Background

A/n - so this first part is basically a background story, this will play parts in the story so I recommend you read it

You know those movies where the shy lonely girl ends up getting the hottest guy in town and suddenly her life is great? Well realistically I don't think that has ever happened to anyone ever. It's just not how things work, the hot guy in town is never that nice to even give the kind shy girls a chance. But everyone seems to believe that because it happened on TV it can happen in real life, which I think is complete bulls**t.

I was never the popular girl in School but I didn't really try to being honest, I was so focused on my schoolwork to think about them things. Go on call me a nerd but I believe intelligence is power, and call me cheesy but I found school fun and I actually cried when I left.  I live in England and it's basically a law to have a uniform, and in our school our uniform was so ugly  you had to have long blonde locks to be able to pull that off, and me? I had normal brown hair. My school mainly judged people on their looks, it's the main reason I'm so self-conscious these days. It's a shame about the uniform, my fashion sense would've wowed everyone and I would have been worshipped even though my hair was boring and brown

But now I've finished school, I've been slightly lost. I've always wanted to be a dancer but we could never afford dance lessons when I was younger so all I could do Is dream about it. I got a job working at a local diner but my social awkwardness made it torture for me, I just can't speak to people it makes me so nervous. I don't know how it started I guess I just feel embarrassed of what people think of me. I'm now 21 with no job and my best friend Leah is paying everything for me, I live with her so it's not that different she just buys all the food and pays rent for the apartment we live in. She's kinda rich though so I don't really feel bad about taking it from her, that sounds really ungrateful but I never asked her to. She's my best friend so that's just what we do for each other naturally.

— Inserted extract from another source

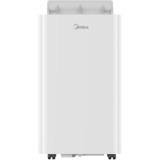 Midea Silent Cool 26 Pro WF, Klimagerät weiß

Me and Leah have been best friends since we were nine and I was always jealous of her blonde hair and rich family but I never showed it. I am not good at making friends due to how socially awkward and shy I am around people I don't know so Leah has been the only one for me really. Not for her though no, everyone in the school was her friend, they all loved her. But she loved me the most.

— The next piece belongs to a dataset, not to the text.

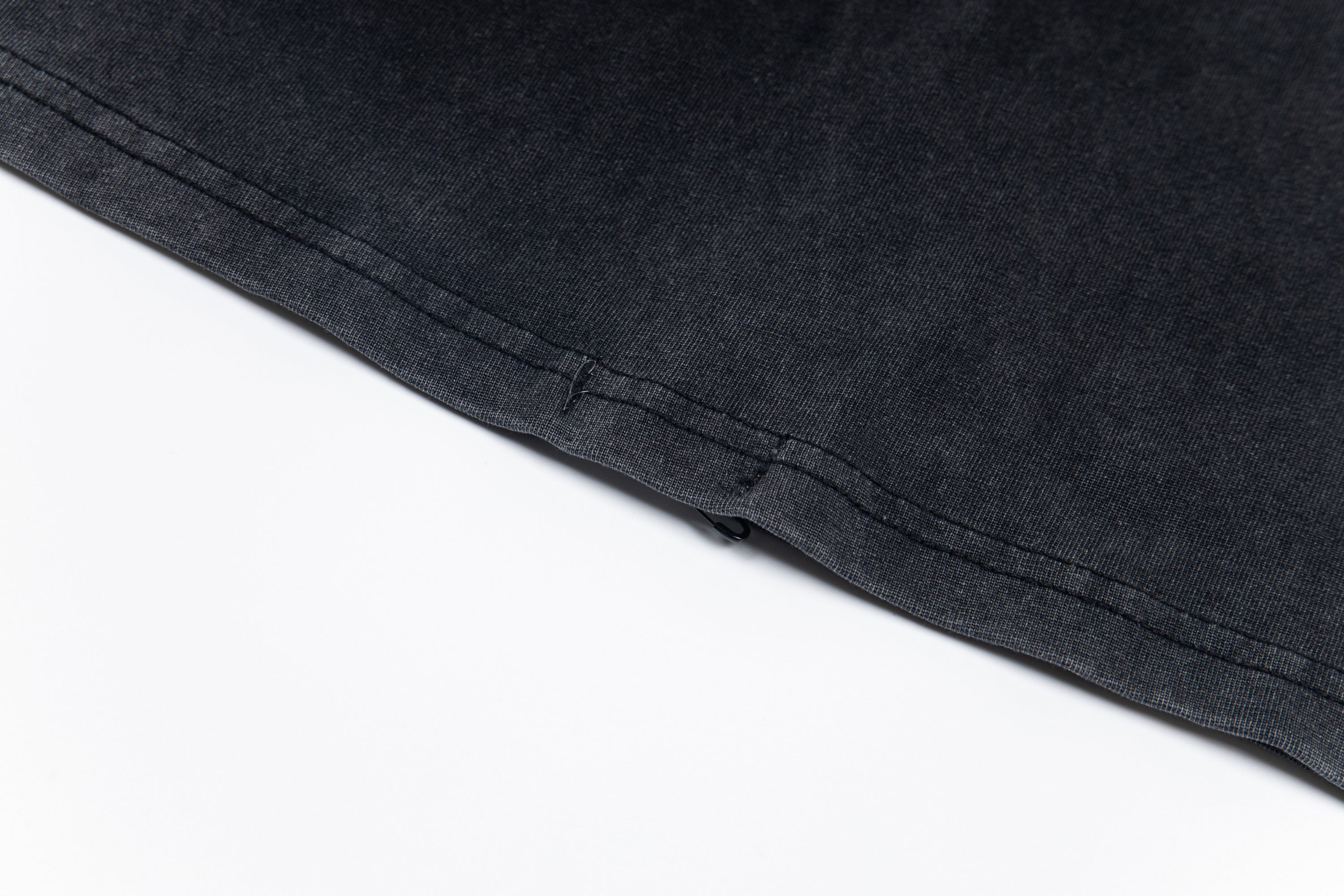 God Speed New fashion T-shirt G61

My childhood was never easy, my dad left when I was 6 and my mum is an alcoholic. Me and my brother Shane who's older by a year would have to steal food from the corner shop down my street. We'd have to hide cans of soup and spaghetti loops in our shirts and casually walk out. I knew it was wrong but we had to eat. My mum rarely fed us so we had to figure that out on our own, which is not easy for a twelve year old. When my mum had sobered up a bit she got food for us and we didn't have to steal anymore. I hated stealing. I felt so guilty every time but I had to do it or I'd starve. I never go to that store anymore to this day because of how much of a bad person it made me feel thinking of what I did. My brother now lives in California with his girlfriend, and he forgot all about me. When he first moved we would FaceTime once a week, which turned into once a month, which turned into once every few months. I get it he has a life but I still need him, we've been through so much together and I hate him not being near me.